L’addio di Obama, lascio un’America più forte

WASHINGTON. – Lo ha ripetuto più volte Barack Obama: “Lascio un’America più forte”. Ed è al futuro del Paese che guarda il presidente uscente nel suo discorso di addio, pronunciato non a caso a Chicago, in cui ancora una volta l’obiettivo è quell’iniezione di ottimismo e speranza che ha aperto la strada al primo presidente nero degli Stati Uniti. Non una lista degli obiettivi raggiunti o dei dossier chiusi quindi, ma il tentativo estremo di dare un nuovo significato a quello slogan che ha reso la sua storica presidenza possibile: “Yes we can!”.

Lo scandiva nel 2008 una folla festante e commossa che a Chicago salutava l’arrivo del cambiamento quando il giovane senatore dell’Illinois appena eletto presidente salì sul palco a dare un volto nuovo al sogno americano, ed è l’urlo di speranza che Obama chiede agli americani di non ‘archiviare’, non adesso, nonostante ciò che pensano del suo successore Donald Trump.

Chicago non a caso: a differenza di Ronald Reagan, Bill Clinton o George W Bush, Obama esce dalla Casa Bianca per il suo discorso finale e torna tra la gente. Un bagno di folla (c’è chi si è messo in fila per ascoltarlo 14 ore prima) ma non solo, l’obiettivo è chiudere il cerchio. Lì dove ha imparato ad ascoltare lavorando dalla base, per ricordare agli americani – e ai democratici in particolare, scossi dalla sonora sconfitta subita dall’inarrestabile campagna dell’outsider Donald Trump – che l’energia la si prende dal basso.

“Un talento il suo nel portare la gente a lavorare insieme verso un obiettivo comune”, ricorda il suo chief of staff Denis McDonough, sottolineando che in questo senso il messaggio di Obama rimane immutato: “L’importanza di lavorare insieme e lottare per i propri valori”.

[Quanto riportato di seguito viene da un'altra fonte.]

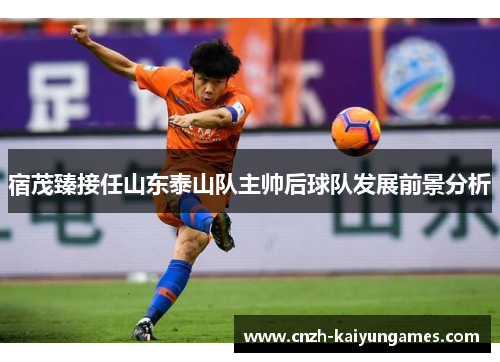 宿茂臻接任山东泰山队主帅后球队发展前景分析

E se è vero quanto anticipato in più occasioni, lavorare alla ricerca dei leader del futuro, Obama riparte da Chicago. Eppure proprio la sua città adottiva è oggi simbolo di quelle ferite profonde che otto anni di presidenza non sono riusciti a lenire e di un lavoro non finito.

Capitale degli omicidi, nel 2016 se ne sono registrati 762, il numero più alto dai tempi bui dell’epidemia di crack negli anni ’90. Si trovano a Chicago quartieri tra i più violenti di tutta l’America, le strade sono piene di armi le cui vittime si contano a decine weekend dopo weekend.

La tensione è altissima nel rapporto con le forze dell’ordine e anche il clima politico è incandescente, con confronti durissimi e accuse di cattiva gestione, inefficienza e poca attenzione ai problemi dei cittadini che hanno messo sotto accusa il sindaco Rham Emanuel, primo chief of staff di Obama la cui poltrona è stata messa a rischio dall’avanzata di un outsider emersa dalla rabbia dei sindacati.

Il passato e il futuro insieme che Obama va a guardare negli occhi a Chicago, nella speranza ultima di aver lasciato una traccia.